Disse-me que se deve evitar todo o acto hostil e todas as movimentações que pudessem afastar o saudável acordo que ainda se pode fazer.  
Ao ser questionado se o Rei nosso senhor partiria para a Andaluzia, respondi a verdade: que nada sabia. Ao ser também questionado se eu julgava que ele partiria, respondi que não, dada a segurança em que se achavam (concernentes ao bom proceder do Imperador) tanto os Reis como Vossa Alteza.  
Pedi (uma vez que se medita um tratado), que enquanto se espera a resposta, se suspendesse a marcha dos exércitos franceses em direcção ao interior da Espanha. Pedi também que as tropas saiam de Castela. Nada consegui; mas presumo que se as bases vierem aprovadas, poderão as tropas francesas receber ordens para se afastarem da residência de Suas Majestades.  
Daí se escreveu que se aproximam tropas por Talavera para Madrid, e que Vossa Alteza me enviou um correio extraordinário.
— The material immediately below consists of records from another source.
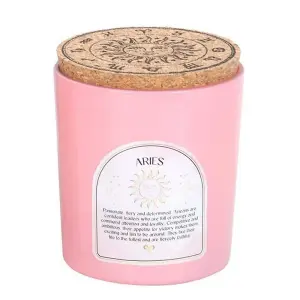 Something Different Aries Cedarwood Rose Quartz Scented Candle Pink/Brown (One Size)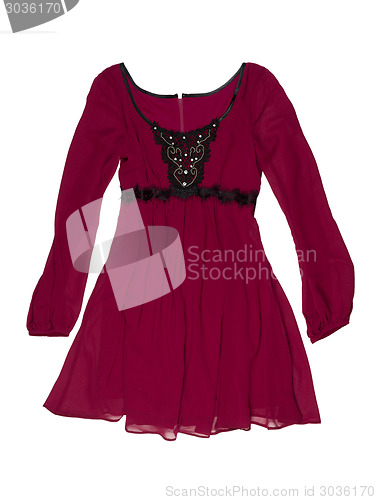 Image of Crimson fashionable dress.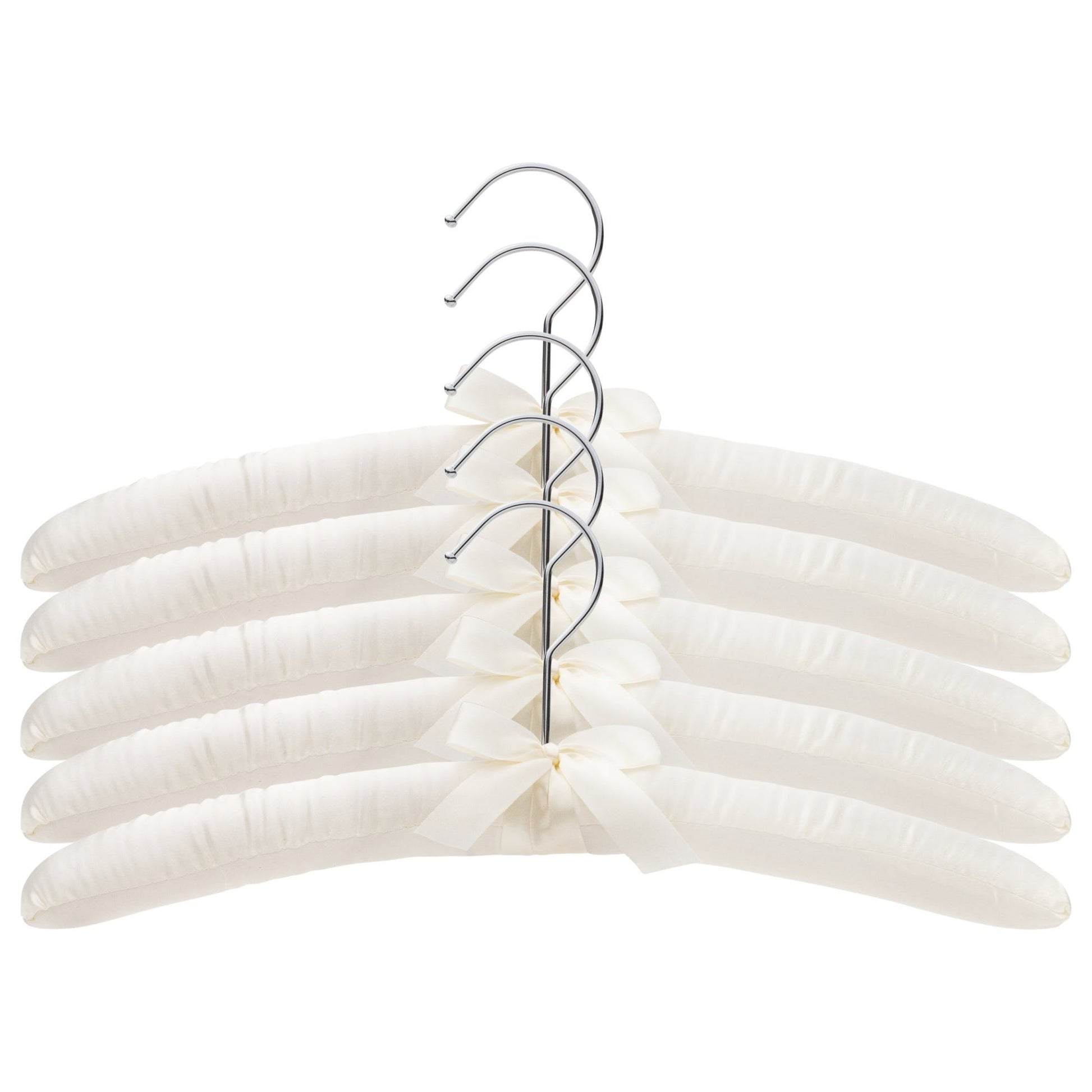 Padded Coat Hangers With Chrome Hook - Ivory - 38cm X 45mm Thick (Sold in Bundles of 20/50) - Hangersforless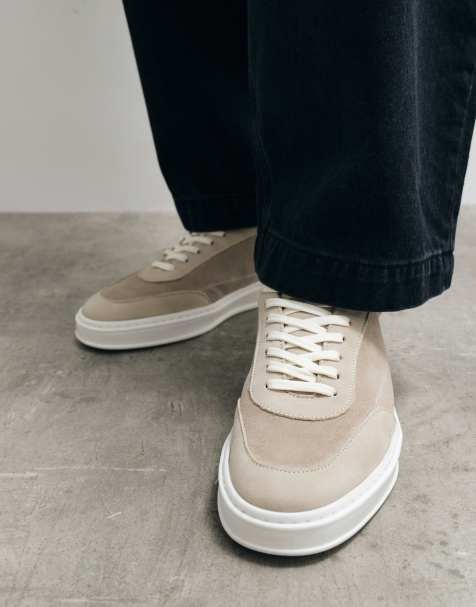 ASOS COLLECTIVE – Made In Portugal – Premium – Beige sneakers med snörning i läder och mocka - view 1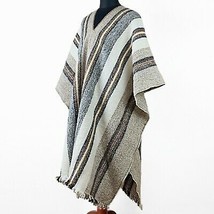 Extra Long Llama Wool Unisex Mens Womans Serape Poncho Pullover Jacket - £77.63 GBP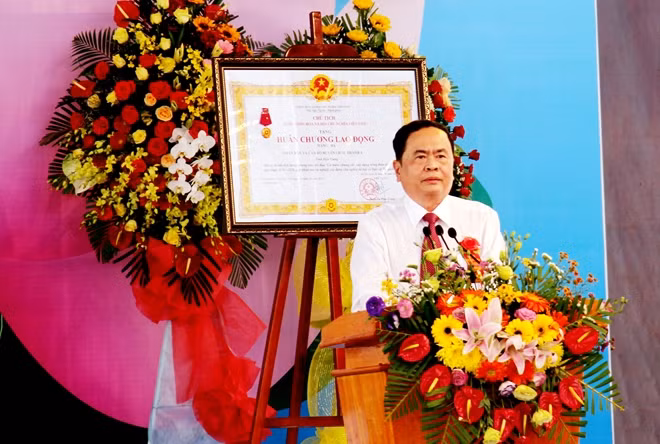 Chủ tịch UBTƯ MTTQ Việt Nam Trần Thanh Mẫn phát biểu tại buổi lễ.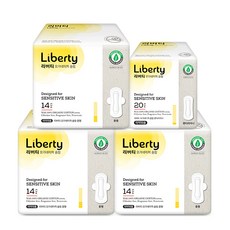 Liberty ORGANATURE Organature韓國產蝶翼瞬吸棉薄衛生棉套組, 1組, 中號14片*3包+護墊 20片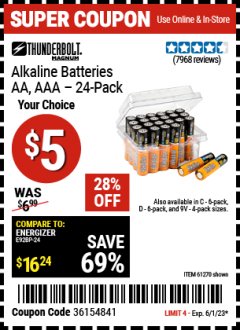 Harbor Freight Coupon THUNDERBOLT MAGNUM ALKALINE BATTERIES AA, AAA - 24 PK Lot No. 92405/61270/92404/69568/61271/92406/61272/92407/61279/92408 Expired: 6/1/23 - $5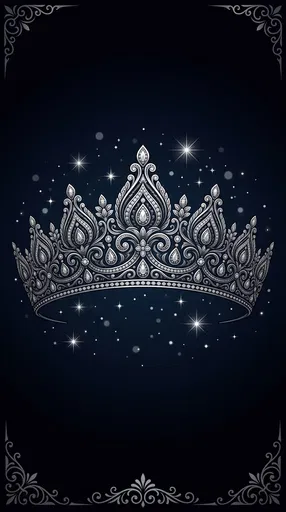 Ornate Silver Victorian Diamond Tiara Illustration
A tudo satisfiz, expondo com verdade o que me constava.  
Segundo se presume aqui, Vossa Alteza tinha saído de Madrid acompanhado os Reis até Sevilha; eu nada sei; e assim disse ao correio que vá até onde Vossa Alteza estiver. 
As tropas francesas deixarão passar o correio, segundo me assegurou o Grão-Marechal do Palácio Imperial.  
Paris, 24 de Março de 1808.  

Sereníssimo Senhor, de Vossa Alteza,  

Eugenio Izquierdo 




[Fonte: Cuenta dada de su vida política por Don Manuel Godoy, Príncipe de la Paz - Tomo V, Madrid, Imprenta de I. Sancha, 1838, pp. 492-504].